8 3- to 3 1/2-ounce venison medallions (each about 1/2 to 3/4 inch
 thick)

Combine chicken and beef stocks in heavy small saucepan. Boil until liquid is reduced to 1 cup, about 15 minutes. Add Port and boil until liquid is reduced to 3/4 cup, about 15 minutes. Whisk in cranberry sauce and simmer until sauce thickens slightly, about 4 minutes. Whisk in 1 tablespoon butter. Season sauce with salt and pepper. Set aside.
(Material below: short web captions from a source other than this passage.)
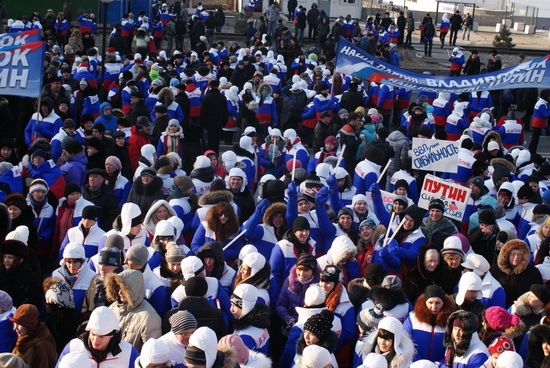 Участники митинга "Приморье за стабильность"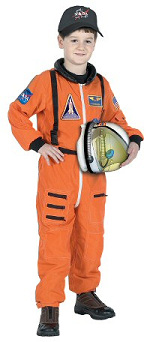 Un
                          chico de los "EUA" en un traje de
                          astronauta. Se podra pensar ser
                          "astronauta" sera tan fcil como
                          una profesin de obras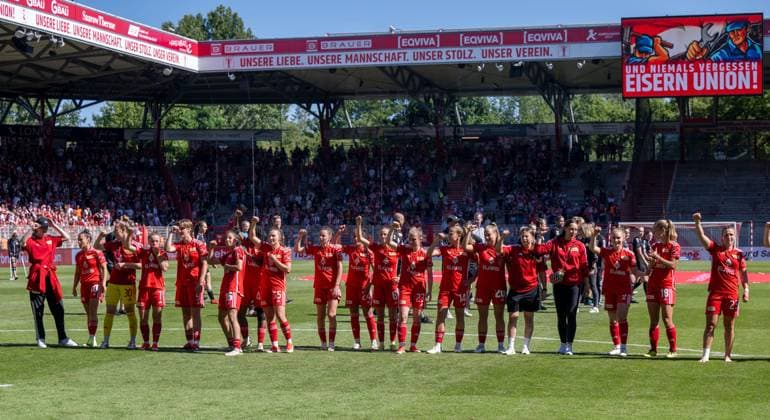 Soccer, Women, Season 2023 2024, Promotion match to Bundesliga 2 first leg, 1 FC Union Berlin SV Henstedt Ulzburg, Union cheering after the final whistle, 09 06 2024, Copyright: xMatthiasxKochx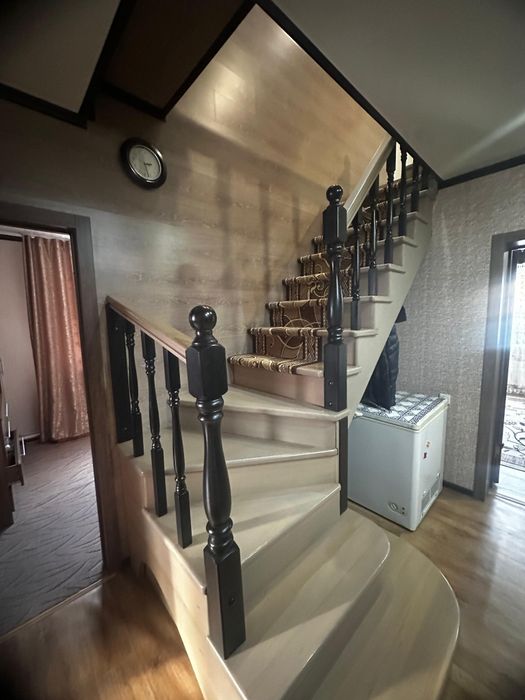 Дом с мансардой в  Бишкуле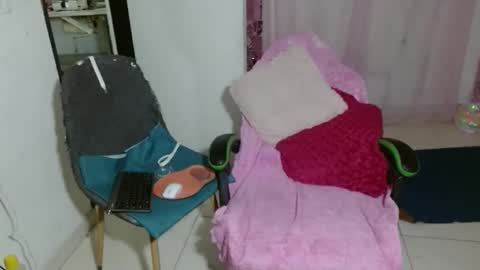 Snapshot of victoria_miler chatting on October 18, 1:52 am VICKY online show from October 18, 1:52 am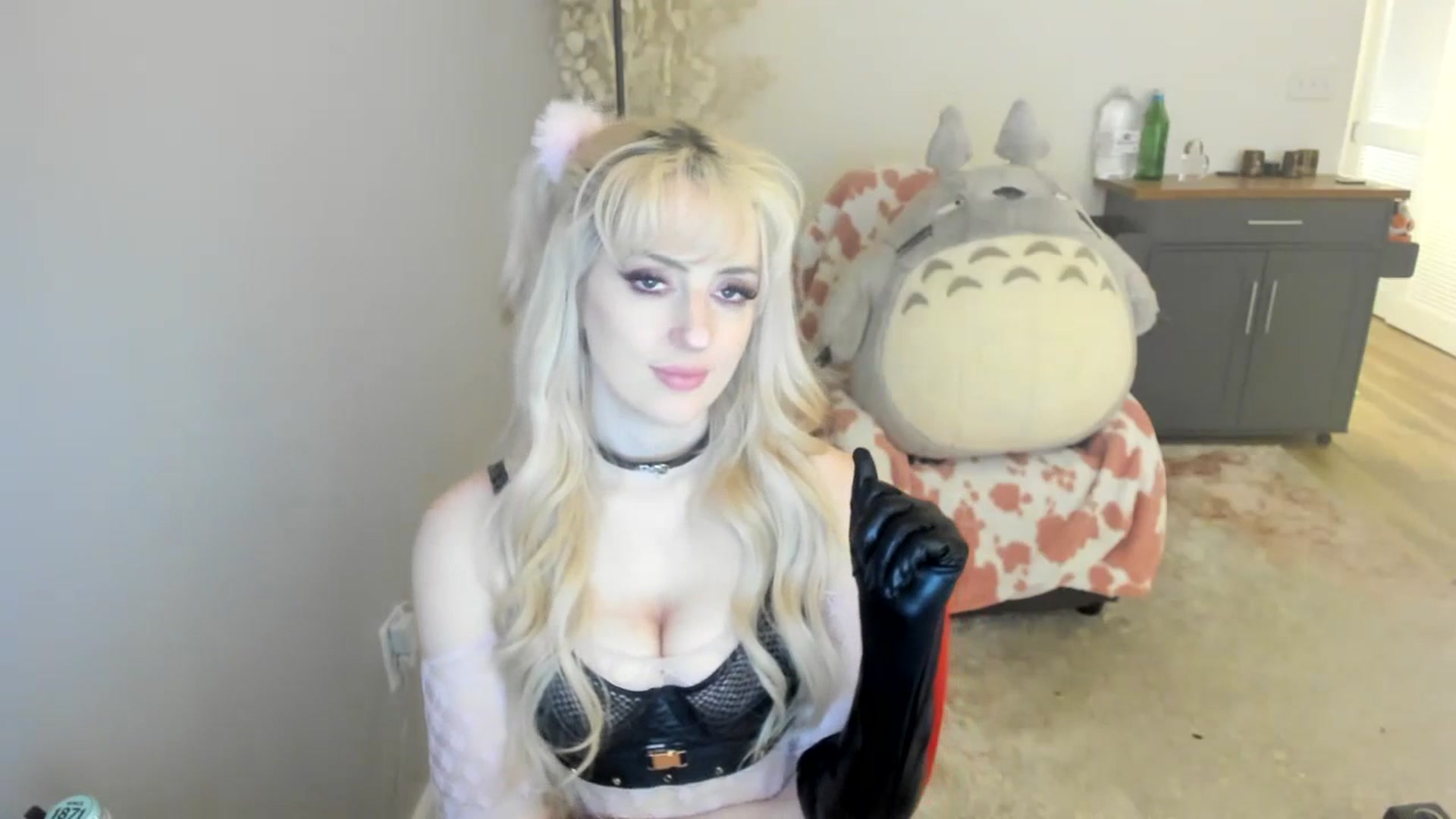 Gallery image thumbnail from Milk_Cuck's myfreecams stream on, 07/01/2023, 01:03 image 19 of 20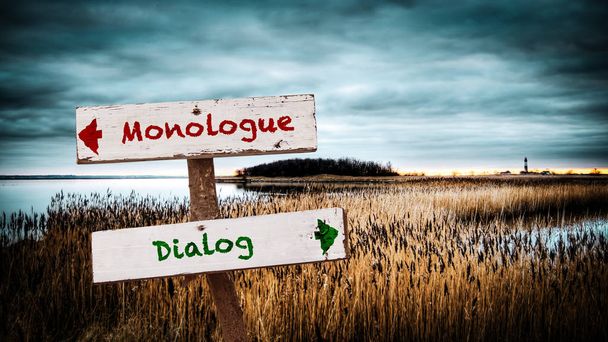 Señal de calle para diálogo versus monólogo
 - Foto, imagen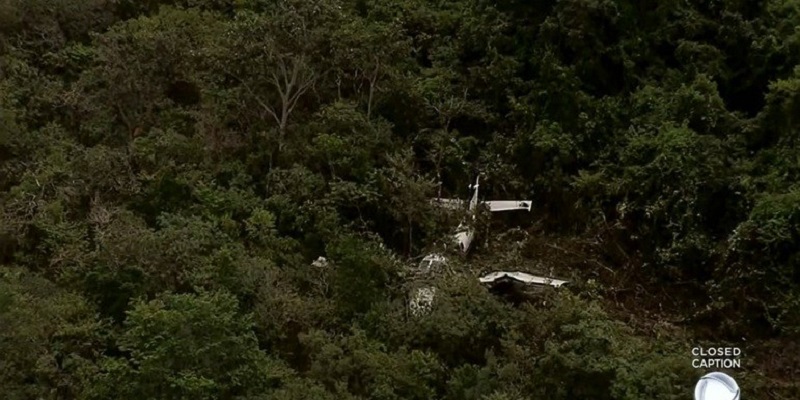 Avião com cinco pessoas cai na fazenda do ex-piloto Nelson Piquet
Sprinkle venison with salt and pepper. Melt remaining 2 tablespoons butter in large nonstick skillet over high heat. Working in batches, add venison to skillet and cook to desired doneness, about 2 minutes per side for medium-rare.


----------



## Clutch (Feb 7, 2007)

MMMMMMMMMMMMMMMMM!!!!!!!!!!

That sounds good. Added to my list. Thanks!


----------



## TATTRAT (Feb 7, 2007)

soak in milk overnight.

Rinse and allow to purge.

Depending on he cut, this where things can change.

I like the tenderloin. small, tender, pure deer goodness.

season with a mix of thyme, sea salt, cracked black pepper.
Sear in cast iron and get the whole thing nice and caramelized, deglaze with cognac. Finish in oven to desired temp(over medium rare is a waste)
very simple preparation. 

I usually pair this with a wild mushroom and bing cherry venison demiglace. 

For more meaty portions, I love to let it go low and slow with alot of aromatics, fresh herbs(woodsy) and some root veggies. either eat as a pot roast style meat, or reserve the meat and serve over something like burgundy lentils and bacon fat seared Brussels sprouts, or shallot and bacon seared asparagus.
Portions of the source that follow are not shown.